Only one stretch of the records below should be repeated. It starts with the line containing "Tuinpoort 3 m" and goes on through the line containing "Ford Transit electrique", exactly as written.

Short descriptive text snippets:
== Segment start ==

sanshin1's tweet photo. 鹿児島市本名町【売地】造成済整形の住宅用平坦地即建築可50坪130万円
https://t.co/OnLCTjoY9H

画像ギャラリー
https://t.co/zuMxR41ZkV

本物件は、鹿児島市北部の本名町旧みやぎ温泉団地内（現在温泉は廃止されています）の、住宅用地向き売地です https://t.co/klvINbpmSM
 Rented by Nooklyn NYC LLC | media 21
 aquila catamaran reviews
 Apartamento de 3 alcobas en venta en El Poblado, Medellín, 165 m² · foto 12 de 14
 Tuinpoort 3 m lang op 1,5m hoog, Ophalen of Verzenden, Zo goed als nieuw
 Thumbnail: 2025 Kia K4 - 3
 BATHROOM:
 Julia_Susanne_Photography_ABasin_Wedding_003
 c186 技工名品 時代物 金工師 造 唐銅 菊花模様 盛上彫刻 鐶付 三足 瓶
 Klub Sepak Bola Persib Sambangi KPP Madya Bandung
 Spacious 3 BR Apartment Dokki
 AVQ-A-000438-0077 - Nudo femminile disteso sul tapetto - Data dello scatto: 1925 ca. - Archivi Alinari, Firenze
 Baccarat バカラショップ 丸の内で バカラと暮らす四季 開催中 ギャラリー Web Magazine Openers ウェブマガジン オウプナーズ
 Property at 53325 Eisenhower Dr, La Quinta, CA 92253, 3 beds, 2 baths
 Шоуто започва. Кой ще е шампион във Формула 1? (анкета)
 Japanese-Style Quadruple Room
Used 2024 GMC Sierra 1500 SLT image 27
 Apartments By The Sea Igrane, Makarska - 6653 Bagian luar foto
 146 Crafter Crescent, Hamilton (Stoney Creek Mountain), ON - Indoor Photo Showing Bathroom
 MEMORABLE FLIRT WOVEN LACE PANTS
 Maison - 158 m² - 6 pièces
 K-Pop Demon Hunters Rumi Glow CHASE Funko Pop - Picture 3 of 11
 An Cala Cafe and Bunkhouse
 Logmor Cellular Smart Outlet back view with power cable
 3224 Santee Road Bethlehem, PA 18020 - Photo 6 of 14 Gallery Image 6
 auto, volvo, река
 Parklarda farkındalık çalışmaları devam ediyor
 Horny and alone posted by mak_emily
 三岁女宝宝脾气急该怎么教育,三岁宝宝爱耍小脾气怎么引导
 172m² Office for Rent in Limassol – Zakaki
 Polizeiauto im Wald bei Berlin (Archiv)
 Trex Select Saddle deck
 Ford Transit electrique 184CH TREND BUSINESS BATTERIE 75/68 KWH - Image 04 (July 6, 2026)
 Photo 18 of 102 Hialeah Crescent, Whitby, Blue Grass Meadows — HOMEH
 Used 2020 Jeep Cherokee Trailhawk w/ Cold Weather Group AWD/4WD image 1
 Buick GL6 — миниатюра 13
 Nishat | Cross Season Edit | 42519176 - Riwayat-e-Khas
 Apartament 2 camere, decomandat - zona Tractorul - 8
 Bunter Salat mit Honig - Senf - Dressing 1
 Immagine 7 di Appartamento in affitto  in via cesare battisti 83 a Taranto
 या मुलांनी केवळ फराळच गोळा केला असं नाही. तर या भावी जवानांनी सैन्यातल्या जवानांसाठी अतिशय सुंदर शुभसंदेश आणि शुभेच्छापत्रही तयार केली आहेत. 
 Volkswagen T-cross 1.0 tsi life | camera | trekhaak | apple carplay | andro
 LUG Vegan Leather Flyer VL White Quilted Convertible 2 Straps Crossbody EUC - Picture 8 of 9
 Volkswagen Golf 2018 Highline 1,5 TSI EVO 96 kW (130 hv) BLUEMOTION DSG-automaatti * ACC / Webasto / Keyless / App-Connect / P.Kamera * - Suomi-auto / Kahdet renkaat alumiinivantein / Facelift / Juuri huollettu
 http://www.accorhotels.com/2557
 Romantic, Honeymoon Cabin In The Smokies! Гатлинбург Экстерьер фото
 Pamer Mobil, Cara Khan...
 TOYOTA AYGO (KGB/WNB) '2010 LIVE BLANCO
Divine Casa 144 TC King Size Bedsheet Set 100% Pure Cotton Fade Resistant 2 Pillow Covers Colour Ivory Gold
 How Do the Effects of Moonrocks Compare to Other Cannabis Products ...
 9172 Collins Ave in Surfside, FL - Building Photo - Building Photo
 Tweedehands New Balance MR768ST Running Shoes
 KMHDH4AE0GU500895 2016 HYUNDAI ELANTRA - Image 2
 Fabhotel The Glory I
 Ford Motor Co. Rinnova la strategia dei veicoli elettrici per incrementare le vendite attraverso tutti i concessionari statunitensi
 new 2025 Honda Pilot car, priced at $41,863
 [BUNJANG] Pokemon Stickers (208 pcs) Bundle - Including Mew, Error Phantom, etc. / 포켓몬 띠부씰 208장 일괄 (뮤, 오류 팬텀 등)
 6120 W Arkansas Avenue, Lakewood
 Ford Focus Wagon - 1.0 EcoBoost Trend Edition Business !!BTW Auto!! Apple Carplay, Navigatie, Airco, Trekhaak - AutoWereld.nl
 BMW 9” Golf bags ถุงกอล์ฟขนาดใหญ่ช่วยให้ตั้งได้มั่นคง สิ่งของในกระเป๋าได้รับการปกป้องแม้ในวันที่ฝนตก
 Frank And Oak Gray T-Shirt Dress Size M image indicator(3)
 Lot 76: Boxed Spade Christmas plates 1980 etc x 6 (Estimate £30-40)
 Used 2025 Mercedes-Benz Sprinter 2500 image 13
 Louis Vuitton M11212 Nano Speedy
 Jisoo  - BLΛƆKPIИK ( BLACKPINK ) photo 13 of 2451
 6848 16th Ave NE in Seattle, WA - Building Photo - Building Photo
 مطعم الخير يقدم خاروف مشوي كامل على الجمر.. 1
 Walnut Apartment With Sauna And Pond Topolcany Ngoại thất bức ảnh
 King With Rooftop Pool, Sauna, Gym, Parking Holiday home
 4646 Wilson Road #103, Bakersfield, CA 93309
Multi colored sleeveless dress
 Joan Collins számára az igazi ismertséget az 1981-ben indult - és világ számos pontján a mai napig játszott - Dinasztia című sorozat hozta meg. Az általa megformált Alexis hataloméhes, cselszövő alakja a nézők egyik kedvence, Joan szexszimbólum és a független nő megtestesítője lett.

== Segment end ==

Written answer:
 Tuinpoort 3 m lang op 1,5m hoog, Ophalen of Verzenden, Zo goed als nieuw
 Thumbnail: 2025 Kia K4 - 3
 BATHROOM:
 Julia_Susanne_Photography_ABasin_Wedding_003
 c186 技工名品 時代物 金工師 造 唐銅 菊花模様 盛上彫刻 鐶付 三足 瓶
 Klub Sepak Bola Persib Sambangi KPP Madya Bandung
 Spacious 3 BR Apartment Dokki
 AVQ-A-000438-0077 - Nudo femminile disteso sul tapetto - Data dello scatto: 1925 ca. - Archivi Alinari, Firenze
 Baccarat バカラショップ 丸の内で バカラと暮らす四季 開催中 ギャラリー Web Magazine Openers ウェブマガジン オウプナーズ
 Property at 53325 Eisenhower Dr, La Quinta, CA 92253, 3 beds, 2 baths
 Шоуто започва. Кой ще е шампион във Формула 1? (анкета)
 Japanese-Style Quadruple Room
Used 2024 GMC Sierra 1500 SLT image 27
 Apartments By The Sea Igrane, Makarska - 6653 Bagian luar foto
 146 Crafter Crescent, Hamilton (Stoney Creek Mountain), ON - Indoor Photo Showing Bathroom
 MEMORABLE FLIRT WOVEN LACE PANTS
 Maison - 158 m² - 6 pièces
 K-Pop Demon Hunters Rumi Glow CHASE Funko Pop - Picture 3 of 11
 An Cala Cafe and Bunkhouse
 Logmor Cellular Smart Outlet back view with power cable
 3224 Santee Road Bethlehem, PA 18020 - Photo 6 of 14 Gallery Image 6
 auto, volvo, река
 Parklarda farkındalık çalışmaları devam ediyor
 Horny and alone posted by mak_emily
 三岁女宝宝脾气急该怎么教育,三岁宝宝爱耍小脾气怎么引导
 172m² Office for Rent in Limassol – Zakaki
 Polizeiauto im Wald bei Berlin (Archiv)
 Trex Select Saddle deck
 Ford Transit electrique 184CH TREND BUSINESS BATTERIE 75/68 KWH - Image 04 (July 6, 2026)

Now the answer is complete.